WORK TASK -> Return every line from the one with "a dress made" through the one with "Fingers popping bubble wrap", inclusive, exactly as it appears below.

======== TASK MATERIAL ========

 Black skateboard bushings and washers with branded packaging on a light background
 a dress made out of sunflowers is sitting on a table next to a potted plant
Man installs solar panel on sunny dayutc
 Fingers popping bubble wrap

========
======== TASK MATERIAL ========

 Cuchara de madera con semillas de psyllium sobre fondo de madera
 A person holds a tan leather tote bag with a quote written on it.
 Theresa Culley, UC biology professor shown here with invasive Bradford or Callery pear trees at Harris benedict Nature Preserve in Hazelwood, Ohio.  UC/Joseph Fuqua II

========

REPLY TO THE TASK ->
 a dress made out of sunflowers is sitting on a table next to a potted plant
Man installs solar panel on sunny dayutc
 Fingers popping bubble wrap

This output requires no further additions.